DESCRIPTION: Comprises a black square with a white border painted across the top and the bottom and the following words written in the centre: ‘Opportunity, Equality, Standard Education, Job, Respect, Accessibility, Privilege, “Culture”, Acceptability, Representation’.

 

Excerpt from the artist’s note:

"Dear Z,

Even though we were economically uplifted, there were times when I felt like I was breaking out of boxes and breaking into spaces. I have watched performances where I have not understood things within it because it was brahmanical in nature. 
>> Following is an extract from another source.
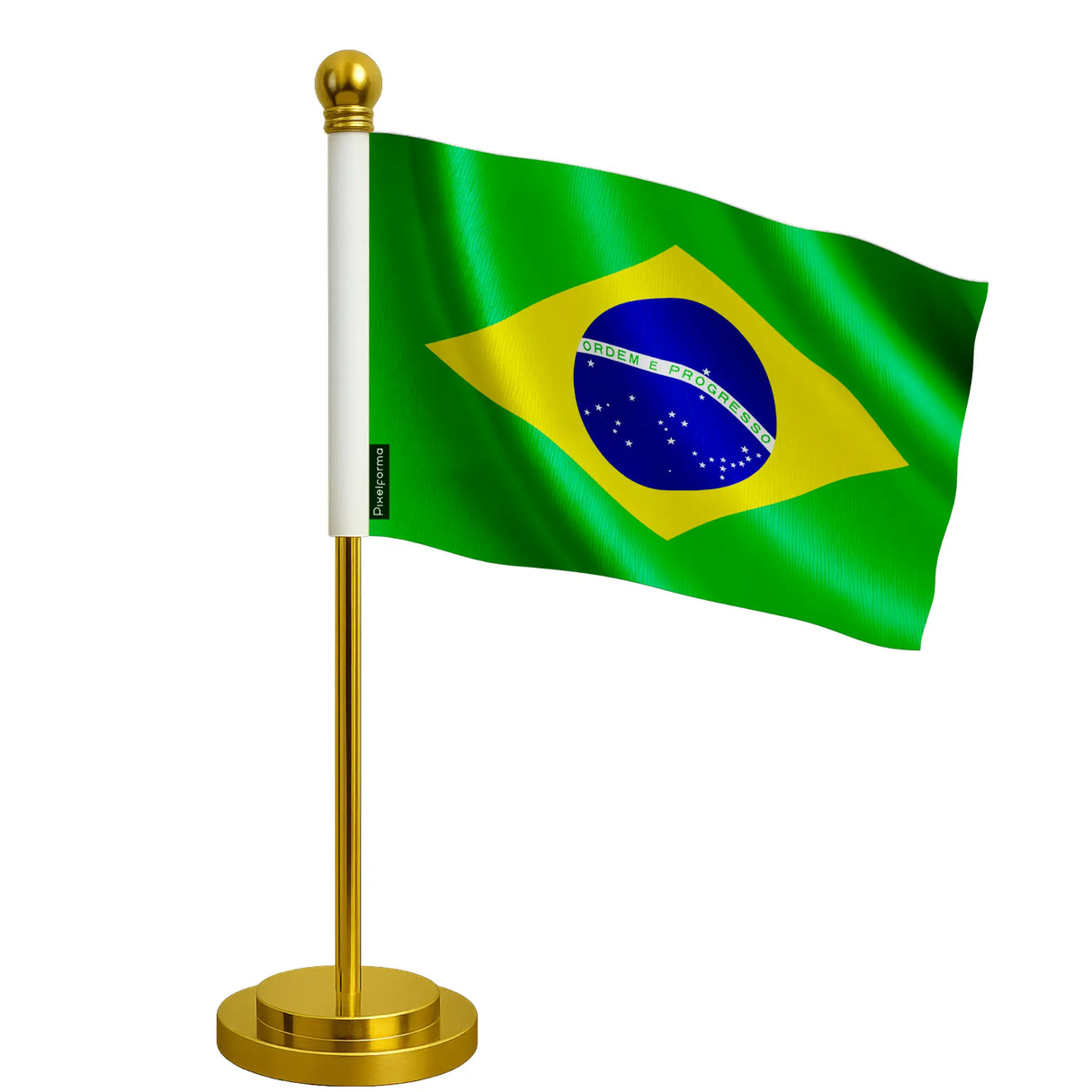Drapeau bureau brésil polyester sur socle acier inoxydable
I studied in a Christian institution and so caste was never a topic of conversation, so it came as a shock to my friends when they learnt that I was Dalit when I had to submit my caste (S.C.) certificate for my 10th std board exam application. 

And they spoke about how lucky I was because I had reservations in colleges. What was funny was that I got into colleges where I had not submitted my S.C. certificate and when I started college a girl changed seats when she learnt about my caste. Not to mention the damned debate about reservation where it was 76 v/s 2 and I was a part of the part that was for reservation...

Warmly, Lavender Hippo"

 

LISTEN TO THIS LETTER

00:00 / 01:15

SEE-SAW REFLECTIONS

Every individual is a web of intersections of a number of beliefs, customs, traditions and histories. Trapped within these intersections, there is no option but for the stifling self to keep struggling for a route out for the self to shine through.

 

WEEK 04             

TREASURE CHEST

ARTIST LAVENDER  HIPPO

ARTISTIC RESPONSE 

 

DESCRIPTION: The image has a passport size photograph of a woman with the eyes scratched out with a pen. There is a yellow and green ribbon and two origami ducks, one big and brown and another small and yellow. 

SEE-SAW REFLECTIONS

Surveillance mechanisms betray themselves and their own doings by erasing the very beings whom they claim to represent.

 

WEEK O5              

BLACKJACK WITH LABELS

ARTIST LOKI

ARTISTIC RESPONSE 

 

DESCRIPTION: The image shows a person’s hand holding a number of cards with different pictures on them. The first card shows two pictures. One is of a woman with an orange top and purple hair with a circle of flowers round her head and the second one is a black and white picture of a woman kneeling down with a flower in the place of her head. The pictures and the text on the rest of the cards are not clear. 

 

DESCRIPTION: The image shows all 16 cards laid out. The description of each card is available in the dropdown to the right.

 

DESCRIPTION: The image shows all the 16 cards laid down and with 1st, 4th, 6th, 8th, 9th, 14th and 15th cards turned over. 

SEE-SAW REFLECTIONS

For every identity that we shun or from which we wish to exit is another identity waiting to appropriate us with the promise of restoring our agency over our lives. To be constantly aware of the ways in which identities situate us in relation to various phenomena can potentially make us aware of our prejudices and their causes. 

 

WEEK O7             

PURE CHANCE

ARTIST MISFIT MEDUSA

ARTISTIC RESPONSE 

 

DESCRIPTION: The video shows a small cup of water into which a person is diluting paints of different colours using a paintbrush. Finally, the entire coloured water is thrown into a toilet bowl  and we hear the sound of the toilet flush

SEE-SAW REFLECTIONS

Prejudice as judgments that we form of each other without really knowing who “the rest” really are is a product of social discourses that prescribe the kinds of life that are worth living. 

 

WEEK 07             

नाम | NAAM | NAME

ARTIST KHWABIDA

ARTISTIC RESPONSE 

 

LISTEN TO THIS POEM

00:00 / 00:53

 

DESCRIPTION: Handwritten Hindustani poem in blue ink against an orange background. Transcript and recording is provided to the right of the image.

SEE-SAW REFLECTIONS

Collective markers of identity can never contend with the thick nuances of lived experience.

 

WEEK O9             

CARDS OF BELONGING

ARTIST GULLA

ARTISTIC RESPONSE 

 

DESCRIPTION: There is an image of the eye with a QR code across it and pieces of the QR code are disintegrating to reveal the eye. 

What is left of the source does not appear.